Nag! Nag! Nag!, Thursday, 19 November 2020 06:32 (three years ago) link

what about:

HEE HAW

i've been crowdsourcing this

Karl Malone, Thursday, 19 November 2020 06:48 (three years ago) link

N!N!N! the spoken section was the roiling kernel of my hatred, especially because it said "make love", I mean GROSS!

assert (MatthewK), Thursday, 19 November 2020 07:34 (three years ago) link

Haha. Yep.

I'm struggling to remember much I've truly hated. The best I can offer is Kiss. I probably did *say* I hated them as a 5 y/o, possibly just to be contrary. (They were super-huge in Aus, circa 1980.) Or maybe I just found Gene Simmons genuinely unsettling at that age.

Nag! Nag!

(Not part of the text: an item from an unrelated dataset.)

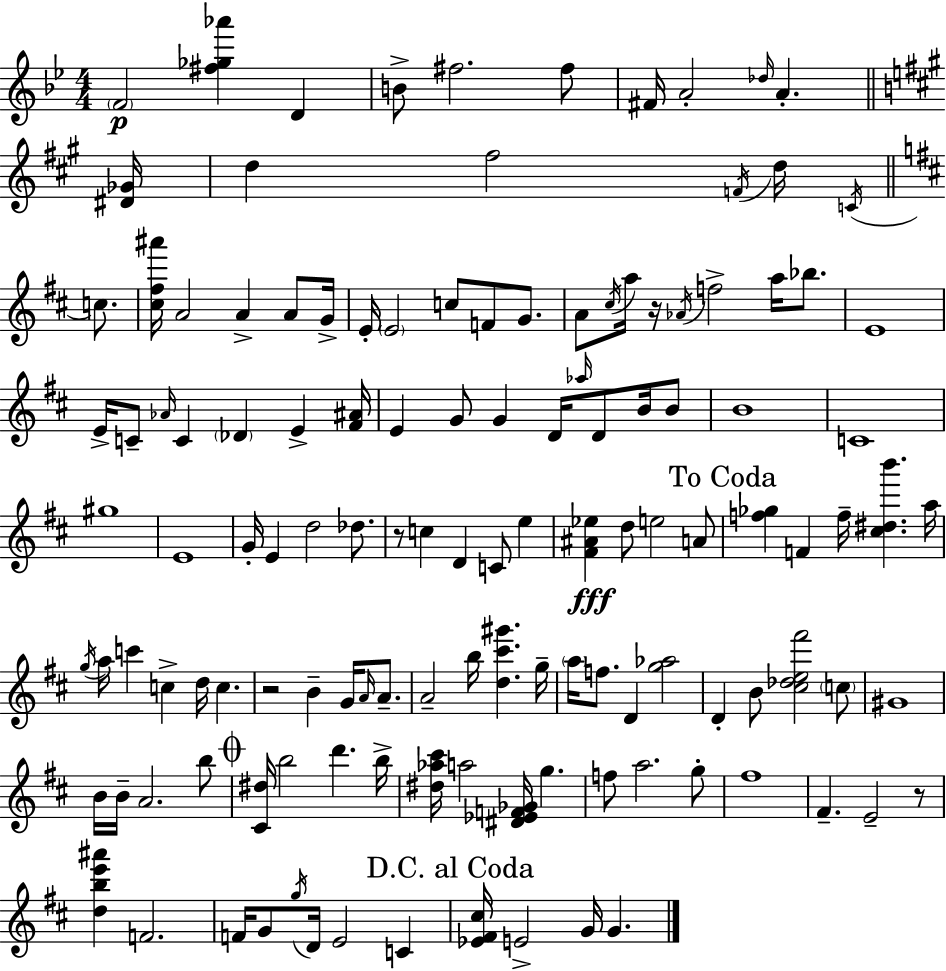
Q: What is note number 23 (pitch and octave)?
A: F4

Nag!, Thursday, 19 November 2020 08:16 (three years ago) link

Yeah Kiss were legit terrifying as a kid, and the kids who liked them seemed like they were in a secret cult or something. Not like ABBA where everyone went nuts for them.

assert (MatthewK), Thursday, 19 November 2020 10:20 (three years ago) link

At uni I had to endure a lot of bad student nights, simply because it was what people did: Cheesy tunes nights, karaoke nights, Ibiza trance nights, 'indie' nights where they would play three Limp Bizkit songs in a row etc...

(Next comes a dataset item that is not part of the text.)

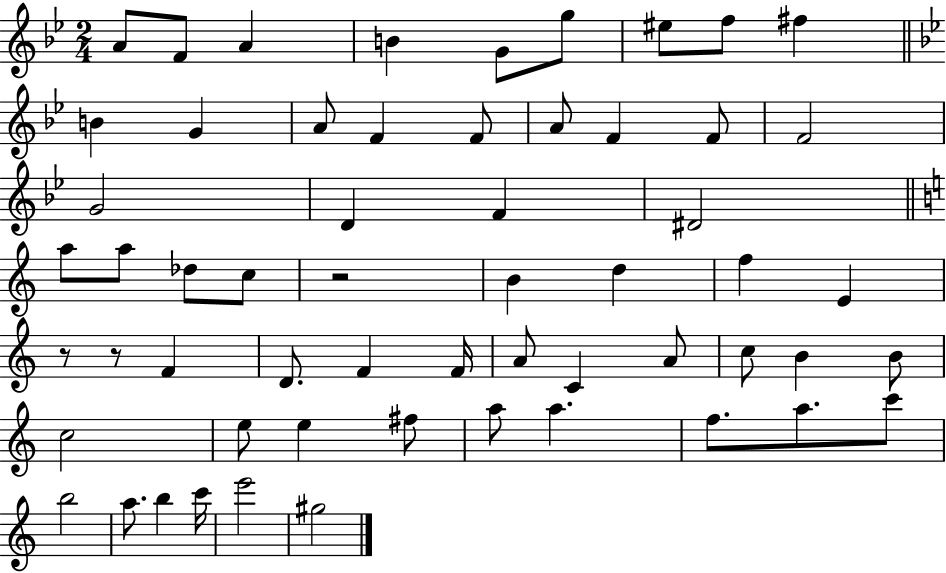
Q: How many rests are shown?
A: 3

I grew to hate 'Mustang Sally' (the Commitments version) and 'Brown Eyed Girl'. What were these terrible songs with shite lyrics that everyone seemed to enjoy and know the words to? I still think they're terrible.

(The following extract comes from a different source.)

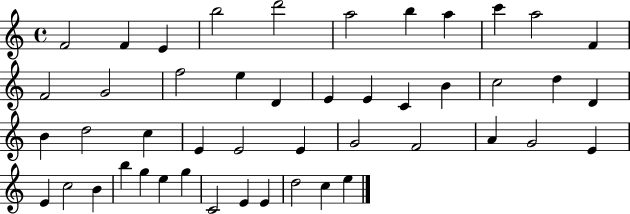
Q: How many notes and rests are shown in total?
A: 47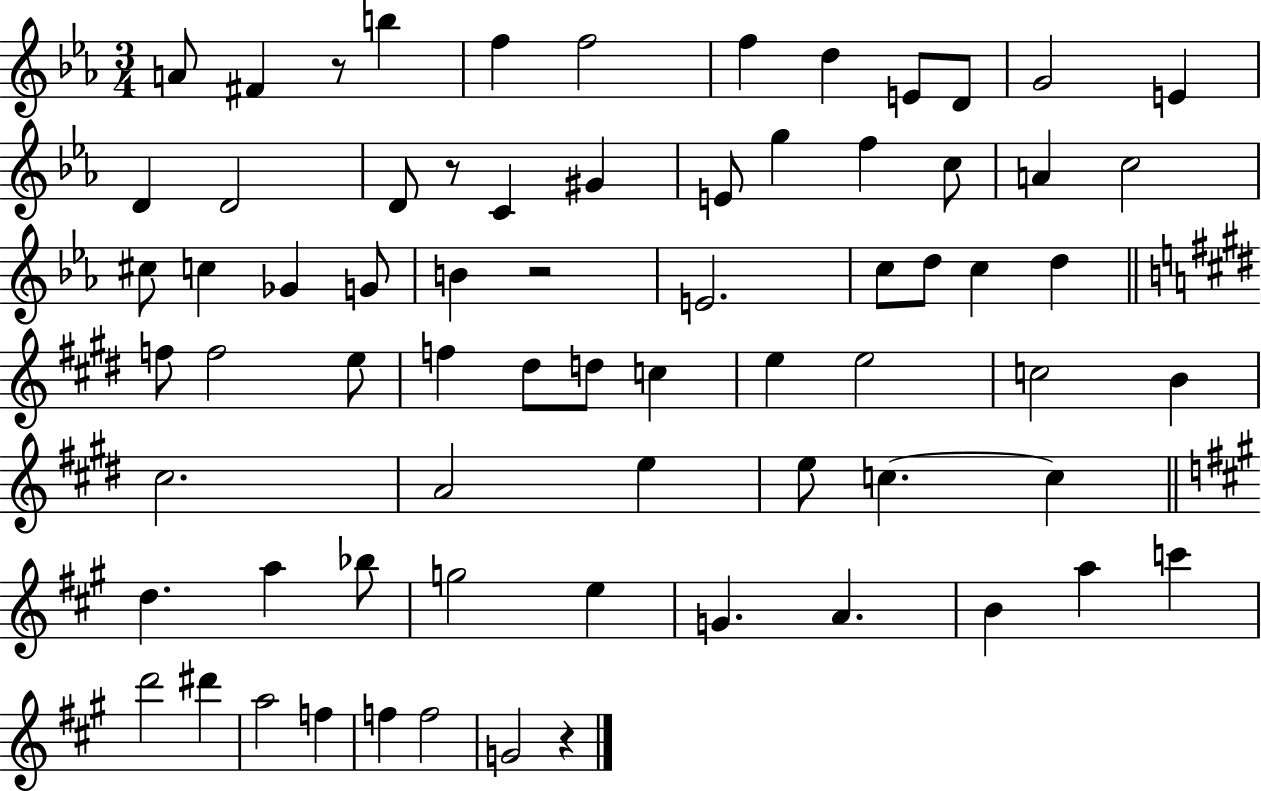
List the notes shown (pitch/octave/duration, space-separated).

I've never seen The Commitments but there's something about that sweaty, parpy 80s/90s blues-revival sound that I can't stand.

And 'Brown-Eyed Girl'? What's remarkable or interesting about having brown eyes? May as well call it 'Girl With Ears'. And the 'sha-la-la-la' chorus, don't get me started.

I heard something off Astral Weeks the other day which wasn't terrible, so maybe I should check it out but that song stopped me ever checking out anything else by Van Morrison. That said, if all I'd ever heard by Joni Mitchell was 'Big Yellow Taxi', I wouldn't have ever bothered with her either.

Thinking about it, perhaps one of the reasons I never really got the deal with Amy Winehouse is because her music makes me think of Mustang Sally

Specific Ocean Blue (dog latin), Thursday, 19 November 2020 11:43 (three years ago) link

brown eyed girl has the lyric about having sex in the green grass behind the stadium. to me this doesn't even seem partially hidden from public view and is kind of a shocking lyric.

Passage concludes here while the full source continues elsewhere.